There were two major decisions from the Courts of Guyana which have never been used as a precedent in any other jurisdiction. The first case was a Court of Appeal decision on a challenge brought by the then Attorney General against a High Court ruling involving the publishers of the Mirror newspaper.
It was a highly controversial decision which has had bearing on freedom of expression. It forced the temporary closure of the Mirror newspaper and a contraction of the publication.
The decision by the learned judge in that appeal has never stood the test of time. It involved a principle as to what is essential for freedom of expression. The then Court of Appeal had ruled that the right to import newsprint was not an essential part of the freedom of expression.
At that time, there was no Caribbean Court of Justice (CCJ). As such, there was no higher Court to appeal to. But even lower courts have never invoked that decision.
The second decision was issued in the challenges which were brought to the validity of the 1997 elections. Those elections were vitiated, not because of the irregularities which were adduced by the plaintiffs, but because of the use of a voter identification card which the Court deemed to be unconstitutional.
There were about five or six grounds which the then Chairman of the Guyana Elections Commission, Doodnauth Singh, had said he would challenge in appeal. He did not get the chance because a decision was taken by GECOM, after he had resigned, not to appeal the decision. And it is not clear whether the PPPC was interested in pursuing this appeal, or whether the appeal is still pending.
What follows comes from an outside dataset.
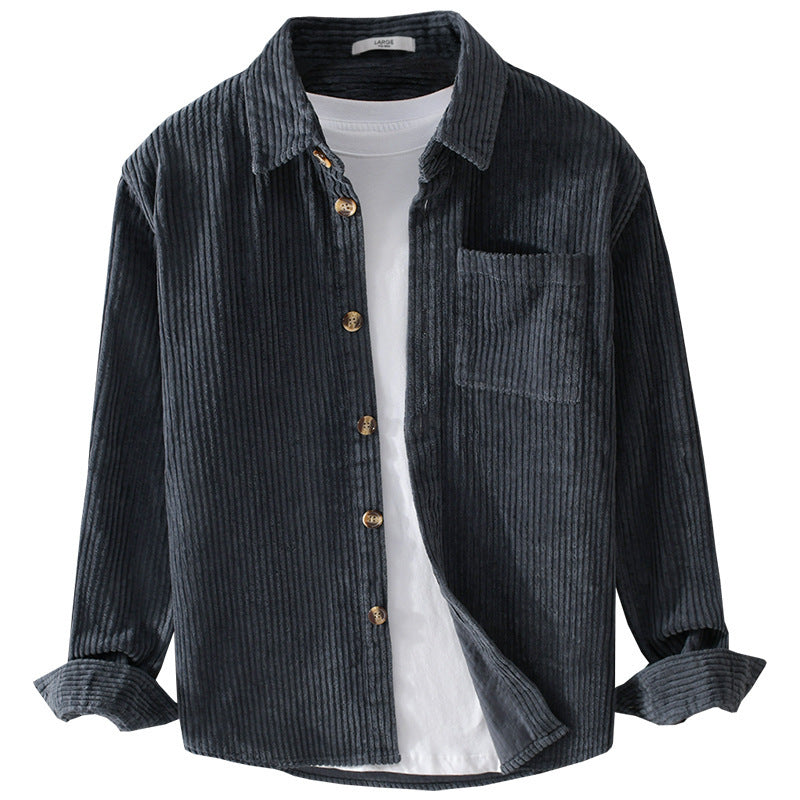 Herren Cord-Overshirt mit breiter Rippenstruktur, Brusttasche und Relaxed-Fit Nord Taschen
Needless to say, it was most interesting that an election could have been vitiated because of the use of a measure which had not been established to result in mass disenfranchisement. Both of these decisions should have been appealed because they delved into important constitutional issues which remain unsettled onto now.
Yesterday, the Chief Justice declined to order the Cabinet to resign as is provided for under the Constitution. There is a difference between the Cabinet and the government. The latter can exist without the former and is not necessary for the existence of a caretaker regime. After all, full executive power resides in one person who merely delegates executive authority.
The person who had applied for the order to force the Cabinet to resign has indicated that he will be appealing the matter. But that would only be of academic importance because by the time the appeal is heard, a new government would have been in place.
But for the sake of constitutional interpretation, it is important that the decision be appealed, and if needs be, be appealed all the way to the Caribbean Court of Justice. There are significant issues which have not been resolved by the decision.
One of those is what happens if a Court presumes that all stakeholders will act with integrity in implementing an unvarnished provision of the Constitution and therefore refuses to issue mandatory orders to the two other arms of the government, namely the executive and the legislature. What is the recourse if politicians do not act with integrity and are in violation of the Constitution?
This question remains unanswered. While any appeal of yesterday’s ruling by the Chief Justice may not have any impact on what happens on Vlissengen Road, it does have implications for what happens in the future.
And so the decision should be appealed. And while the appellant is at it, he can ascertain whatever happened to that appeal which was supposed to be filed against the decision vitiating the 1997 elections.